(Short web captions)
:::::

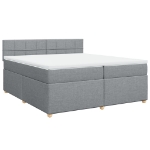 Giroletto a Molle con Materasso Grigio Chiaro 200x200cm Tessuto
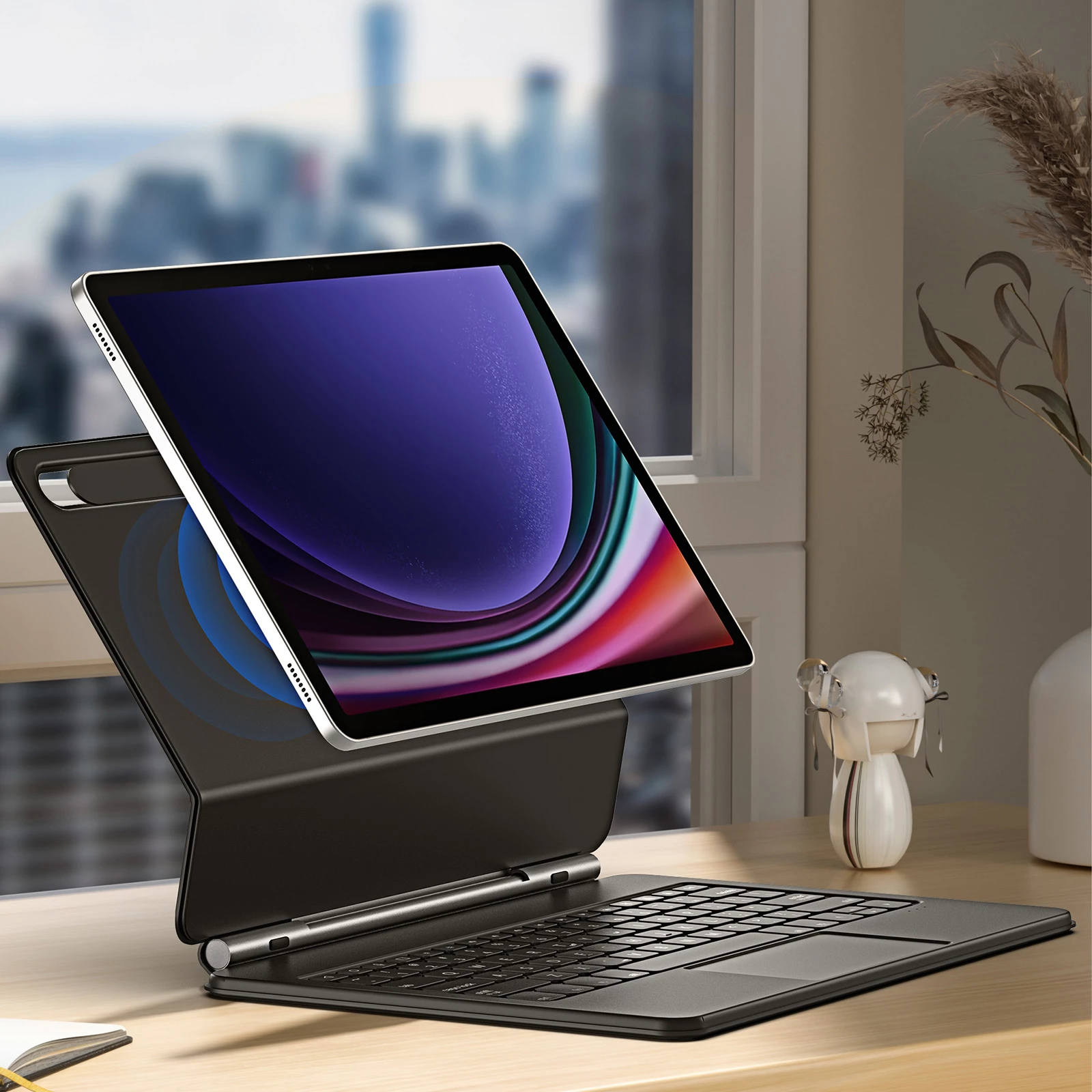 Ovitek z Bluetooth tipkovnico Dux Ducis MK Series za Samsung Galaxy Tab S9+, S8+, S7+, črn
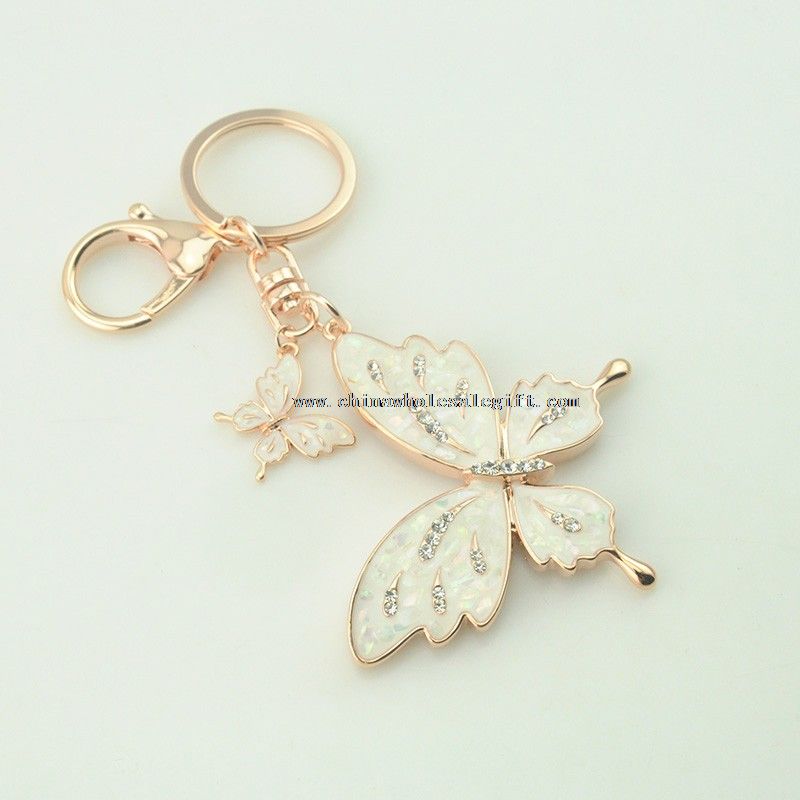 Lesklé rhineston motýl crystal keychain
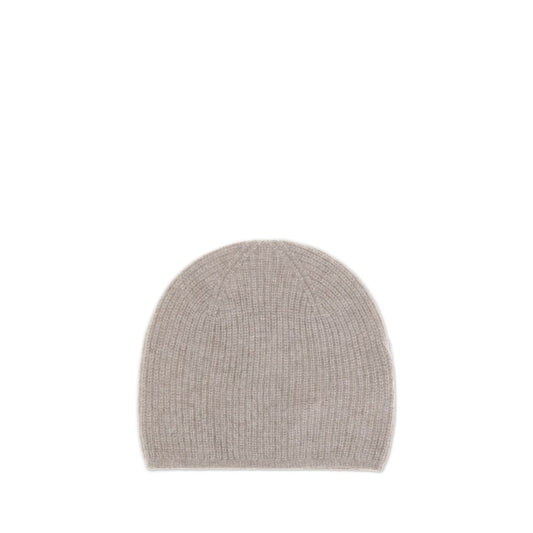 Loulou De Saison Beige Cashmere Beanie with ribbed texture, elegant and soft accessory for winter.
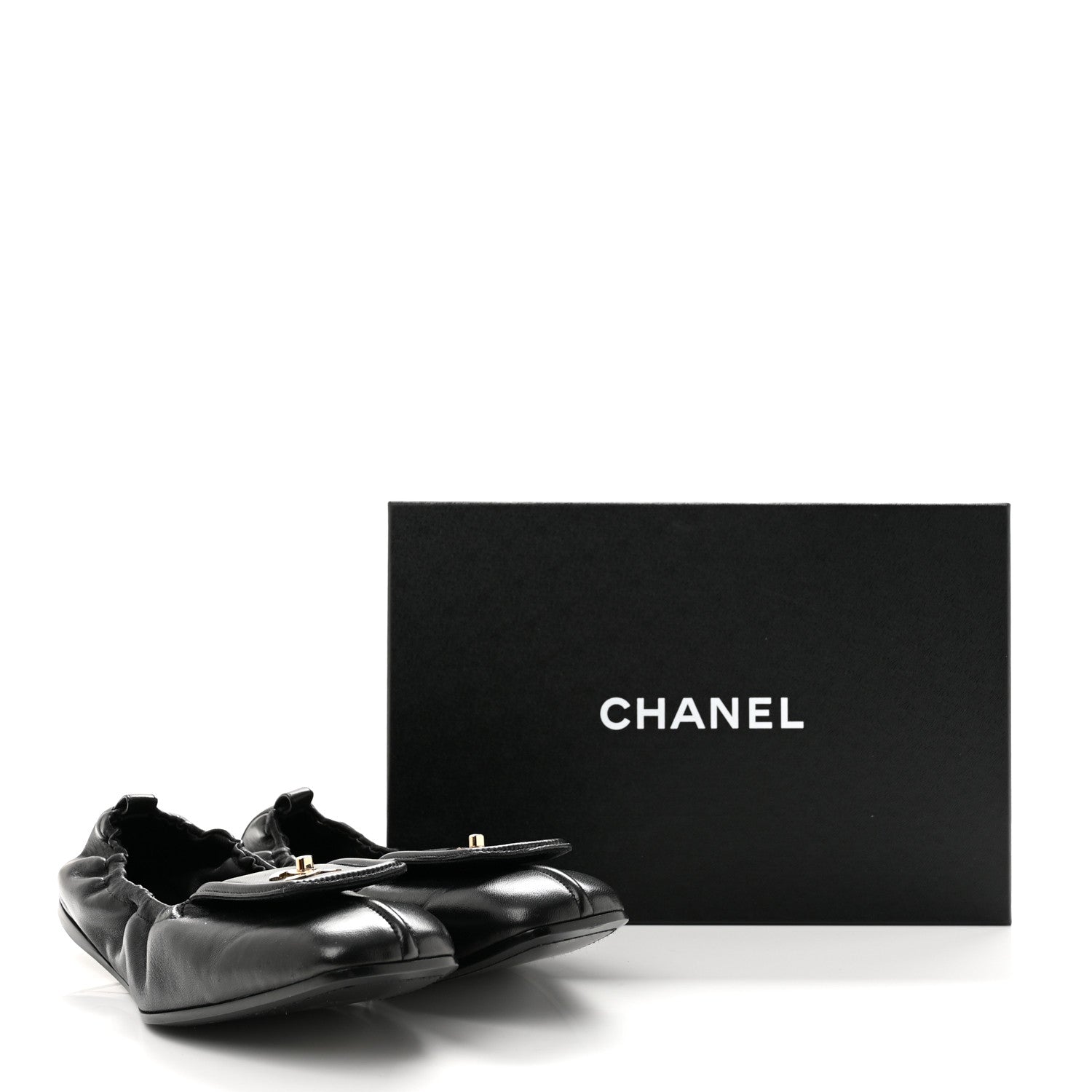 Chanel Lambskin CC Turnlock Ballerina Flats 40.5 Black 10 of 10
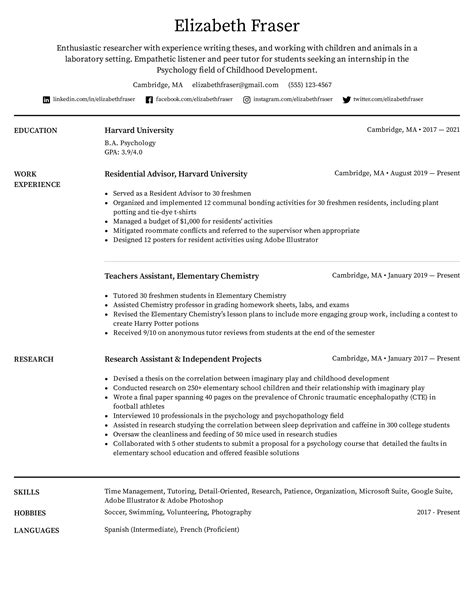 Sample Resumes For University Students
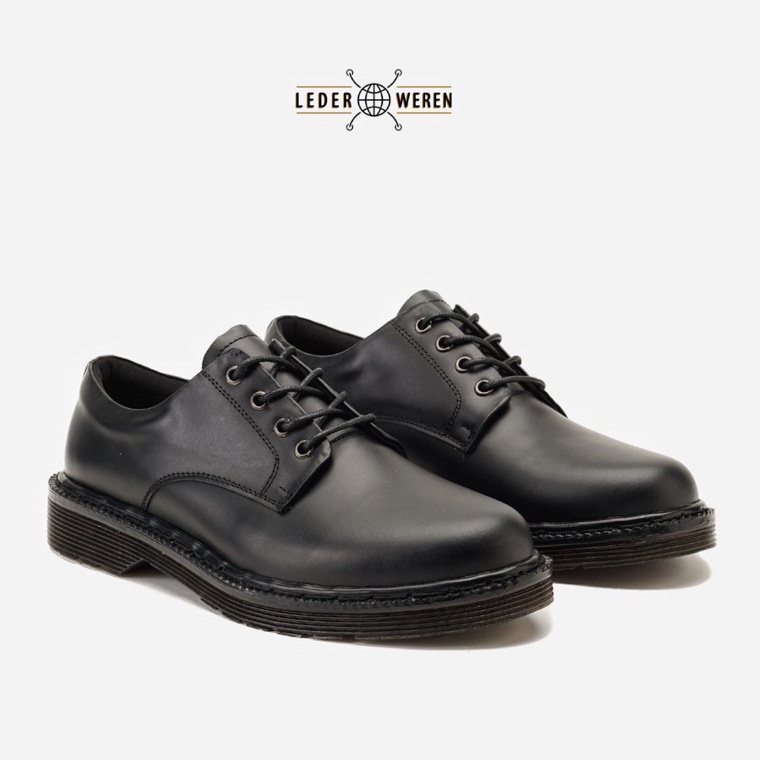 ART Q78W Lederweren  Leder Derby 2 Black  Sepatu Kulit Formal Pria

:::::

= Exercise brief =
Retype, word for word, the line containing "Sample Resumes For University Students" and each line after it through the end of the data, leaving any picture out.

= Solution for this problem =
 Sample Resumes For University Students
 ART Q78W Lederweren  Leder Derby 2 Black  Sepatu Kulit Formal Pria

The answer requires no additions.